For all Modzelewski’s criticism of Drexler’s “fantasies,” no one has been able to sustain a scientific case against Drexler’s version of nanotechnology since he first laid out a rigorous explanation of his ideas a dozen years ago. The most vocal of Drexler’s scientific critics, Nobel laureate Richard Smalley of Rice University, agreed to debate Drexler in print last year. Their exchange, which appeared in the December 1, 2003 issue of Chemical and Engineering News, did not settle the matter; in fact, Drexler and Smalley seemed to be talking past each other. In the end, Smalley stopped trying to win the debate with scientific reasoning and resorted to an emotional appeal, accusing Drexler of conjuring up a nanotech “monster” that has “scared our children.”

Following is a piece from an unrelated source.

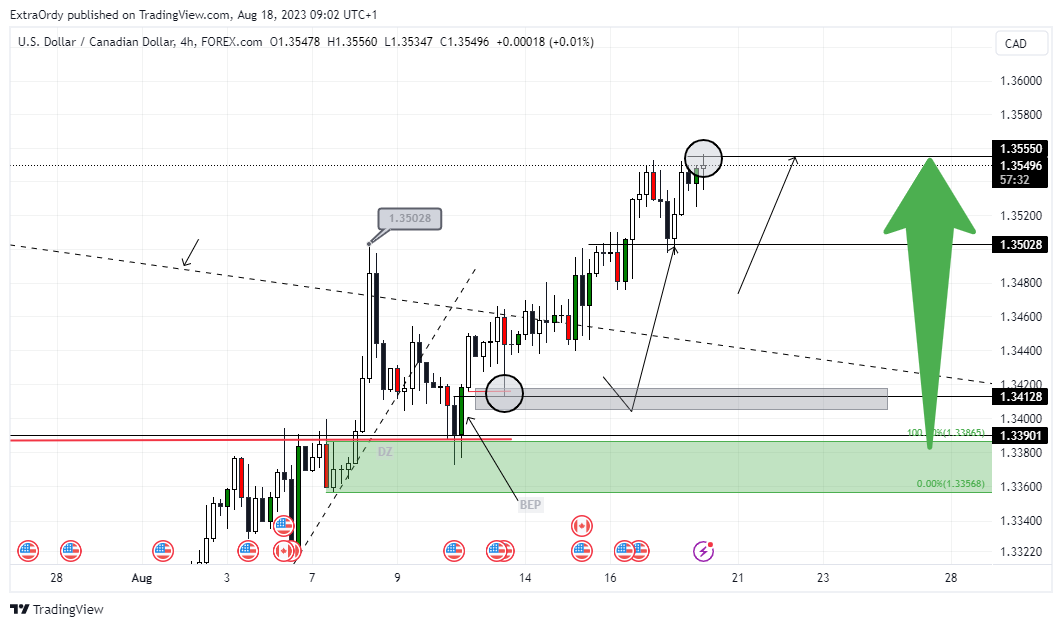 FOREXCOM:USDCAD Chart Image by ExtraOrdy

There is a kernel of truth in Smalley’s claim: Drexler has been warning for years about the potential risks of nanotechnology. But until someone demonstrates Drexler’s version of nanotechnology to be scientifically unsound, it cannot just be dismissed because it “scares our children.”
And children aren’t the only ones with fears. Last year’s bill, in addition to increasing funding for research, has also committed to studies of the ethical, societal, educational, legal, and workforce issues related to nanotechnology. Soon, universities will have professional nanoethicists making a living by pointing out the dangers of nanotech. Several health and safety studies related to nanotechnology are underway. Environmental activists (including Prince Charles) have already begun to fret, and some critics have called for a complete moratorium on nanotech research.
Very few technologies have been as feared in advance as nanotechnology has been. If Mark Modzelewski and Richard Smalley really think Drexler’s ideas are just frightening fantasies, then they should quit the name-calling and welcome the chance to disprove those ideas. The government’s feasibility study of molecular manufacturing should be reinstated, and the matter should be put to rest once and for all. If Drexler’s ideas can be proven definitively wrong, then we can relax in our comfortable nano-pants. But if Drexler is correct, there is much work to be done. If the stakes are as high as Drexler and his allies suggest, the world needs to get this right the first time, for there is very little room for mistakes.